“I do not like green eggs and ham. I do not like them, Sam I am.”
Most people probably remember the story “Green Eggs and Ham,” Dr. Seuss' children's book/cautionary tale about pre-judging something that has never been tried.
Many people are not taking the moral of that story to heart when it comes to the Patient Protection and Affordable Care Act, a.k.a. “Obamacare.” The outcry has been loud and long: It's a government takeover. It's a huge tax. It will destroy the U.S. health care system. It will cause plagues of locusts. It will make puppies cry. Vows have been made to attempt to repeal the act — before all of its provisions have even been implemented.
I do not like green eggs and ham. I do not like them, Sam I am.

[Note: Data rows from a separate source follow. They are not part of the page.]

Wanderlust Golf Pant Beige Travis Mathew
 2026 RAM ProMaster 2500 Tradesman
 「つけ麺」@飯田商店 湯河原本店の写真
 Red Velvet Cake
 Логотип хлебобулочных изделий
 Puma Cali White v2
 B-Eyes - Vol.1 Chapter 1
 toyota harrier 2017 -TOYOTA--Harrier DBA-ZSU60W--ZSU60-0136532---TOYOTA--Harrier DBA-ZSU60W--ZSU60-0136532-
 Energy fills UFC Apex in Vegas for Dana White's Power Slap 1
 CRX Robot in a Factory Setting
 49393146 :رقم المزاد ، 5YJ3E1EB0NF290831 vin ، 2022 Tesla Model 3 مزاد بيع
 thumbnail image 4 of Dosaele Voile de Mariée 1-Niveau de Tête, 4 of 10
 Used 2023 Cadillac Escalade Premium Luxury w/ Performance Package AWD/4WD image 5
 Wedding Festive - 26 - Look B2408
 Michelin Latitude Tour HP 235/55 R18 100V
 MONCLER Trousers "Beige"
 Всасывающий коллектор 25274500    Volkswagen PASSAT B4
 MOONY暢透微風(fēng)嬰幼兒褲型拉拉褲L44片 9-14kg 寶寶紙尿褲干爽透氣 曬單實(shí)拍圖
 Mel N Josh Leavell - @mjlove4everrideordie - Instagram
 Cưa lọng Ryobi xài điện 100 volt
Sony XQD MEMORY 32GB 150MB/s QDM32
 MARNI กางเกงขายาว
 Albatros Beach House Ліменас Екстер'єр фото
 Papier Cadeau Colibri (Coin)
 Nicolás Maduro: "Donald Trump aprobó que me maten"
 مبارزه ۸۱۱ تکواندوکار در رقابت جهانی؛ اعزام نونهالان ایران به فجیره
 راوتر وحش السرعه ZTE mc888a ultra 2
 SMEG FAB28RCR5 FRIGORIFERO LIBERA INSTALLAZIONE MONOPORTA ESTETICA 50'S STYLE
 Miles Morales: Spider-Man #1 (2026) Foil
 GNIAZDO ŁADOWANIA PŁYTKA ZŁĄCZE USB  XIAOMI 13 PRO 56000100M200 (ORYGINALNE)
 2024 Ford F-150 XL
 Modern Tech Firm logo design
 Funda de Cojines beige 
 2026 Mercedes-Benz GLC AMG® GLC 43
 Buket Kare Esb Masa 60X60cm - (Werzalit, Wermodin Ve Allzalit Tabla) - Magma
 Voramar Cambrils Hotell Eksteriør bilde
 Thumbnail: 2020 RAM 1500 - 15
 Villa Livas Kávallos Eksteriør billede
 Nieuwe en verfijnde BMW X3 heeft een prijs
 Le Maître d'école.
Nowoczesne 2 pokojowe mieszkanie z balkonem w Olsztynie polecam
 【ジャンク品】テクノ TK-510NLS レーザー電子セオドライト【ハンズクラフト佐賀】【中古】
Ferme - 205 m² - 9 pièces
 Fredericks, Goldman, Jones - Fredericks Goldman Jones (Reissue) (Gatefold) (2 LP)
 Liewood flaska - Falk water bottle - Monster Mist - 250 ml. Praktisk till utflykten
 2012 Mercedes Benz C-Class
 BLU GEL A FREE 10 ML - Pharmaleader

In dozens — probably more like hundreds — of conversations I have had with business owners in the HVAC industry over the years, there has been a common theme: health care costs are killers. They are constantly rising, stressing the budgets of both employers and employees, and there's no end in sight. Insurance companies are turning people away because of pre-existing conditions, capping yearly and lifetime benefits, requiring pre-authorizations before allowing testing or care (the dreaded “rationing” so many people seem to fear), and, most recently, requiring their members to submit to blood tests, physicals, and so on to get their most favorable rate. Those who choose not to have their blood drawn by an insurance company pay a higher rate — a penalty, if you will.
Yeah, all that stuff is here right now.
So, finally, along comes a plan from the government (that would be we, the people) to attempt to address these issues. It calls for everyone to purchase health care insurance or pay a penalty. It creates competition among insurers while funneling millions of new individuals to them to purchase their products. It creates incentives for health-care providers to provide the best care in the most efficient ways possible. (For those of you who would like a quick, non-partisan primer on the major provisions of law, this is nine minutes well-spent: tinyurl.com/hcmainstreet.)
And yet a large and vocal segment of the population hates the plan and wants to do away with it immediately. To replace it with what? A return to the system that has been crushing them for the past decade?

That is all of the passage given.